日本の安全保障について思うこと

日本の安全保障について思うことについて記述していきます。個人的見解に基づいて記述しています。


特集
北朝鮮関係

北朝鮮のミサイルに核を搭載できるか?

北朝鮮が配備しているミサイルのうち、ノドン・ムスダンは日本を射程内に収めていると言われています。

 

一方で、数回の核実験に成功しています。

 

問題は、核をミサイルに搭載できるか、ということが焦点になります。

 

弾道ミサイルの仕組み

まず、弾道ミサイルの仕組みについての解説です。

弾道ミサイルは、打ち上げると一旦大気圏外まで上昇します。

燃料をが尽きると、今度は弾頭を下に向けはじめ、落下が始まります。落下が始まるとどんどん加速していきます。

マッハ5からマッハ20の超高速になります。

 

スペースシャトルの再突入をイメージしていただけるとわかるかもしれませんが、

空気との摩擦により、表面の温度は、上昇していき、火だるまになっていき、そのまま地表に激突するのが弾道ミサイルです。

表面温度は、数千度に達します。

 

燃料が尽きるまでの上昇過程では、まだ多少の制御ができるかもしれませんが、

燃料が尽きたあと(数百キロ上空)は、自由落下を始めるので、ほぼ制御は不能になります。

 

つまり、着弾精度が高い巡航ミサイルと比べて、着弾の誤差は大きく、ノドンミサイルでは、約3キロ程度の誤差が生まれるのではないかと思われます。

 

弾頭の耐熱

弾道ミサイルでは、数千度の高温に耐えうるだけの耐熱が課題になります。

耐熱が不十分だと、核弾頭であろうと、生物化学兵器であろうと溶けてしまう可能性が高くなります。

 

この問題については各国の調査機関が指摘しており、北朝鮮はまだ耐熱の技術を確立していない、と言われています。

 

その説に対応してか、北朝鮮は、「耐熱性を確認した」との旨発表していますが、

耐熱性を確認するには、弾頭の引き上げが必要であり、北朝鮮が弾頭を引き上げたことは確認されておらず、現時点では、耐熱性は確認されていないと考えていいかと思われます。

 

ミサイルの弾頭は?

耐熱性が確認されていない上に核爆弾の小型化の確認もなされていないので、核兵器のミサイルでは現時点では難しいとおいうことになります。

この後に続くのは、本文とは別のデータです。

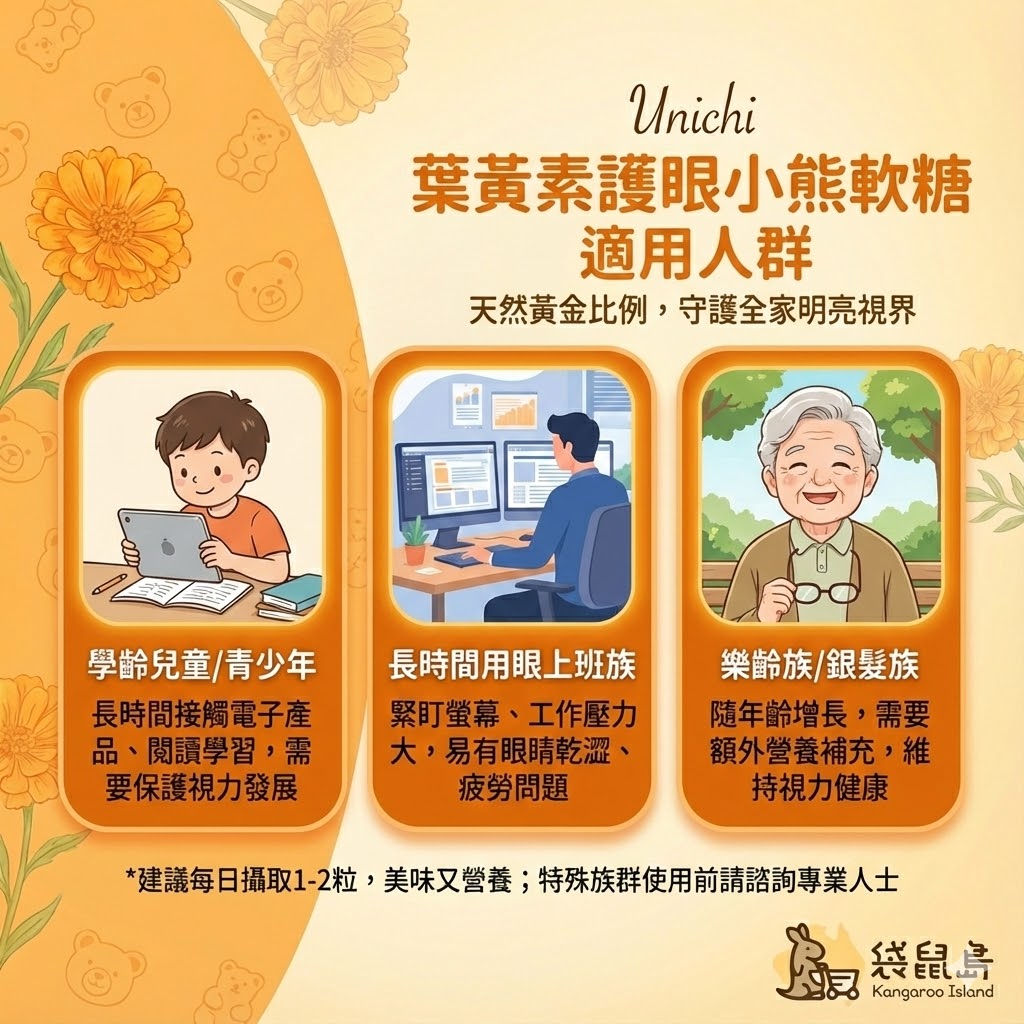 Unichi 葉黃素軟糖適用人群：兒童視力發展、上班族抗藍光、銀髮族眼睛保養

化学兵器においても高熱で化学反応を起こし性質が変わる可能性もあり、搭載が難しかと、生物兵器に関しては、それ以前に熱で生物が死滅する可能性が高く、さらに難しいと思われます。

なお通常弾頭については、比較的構造が単純であるため、高度な耐熱性は求められない可能性があるため未知数です。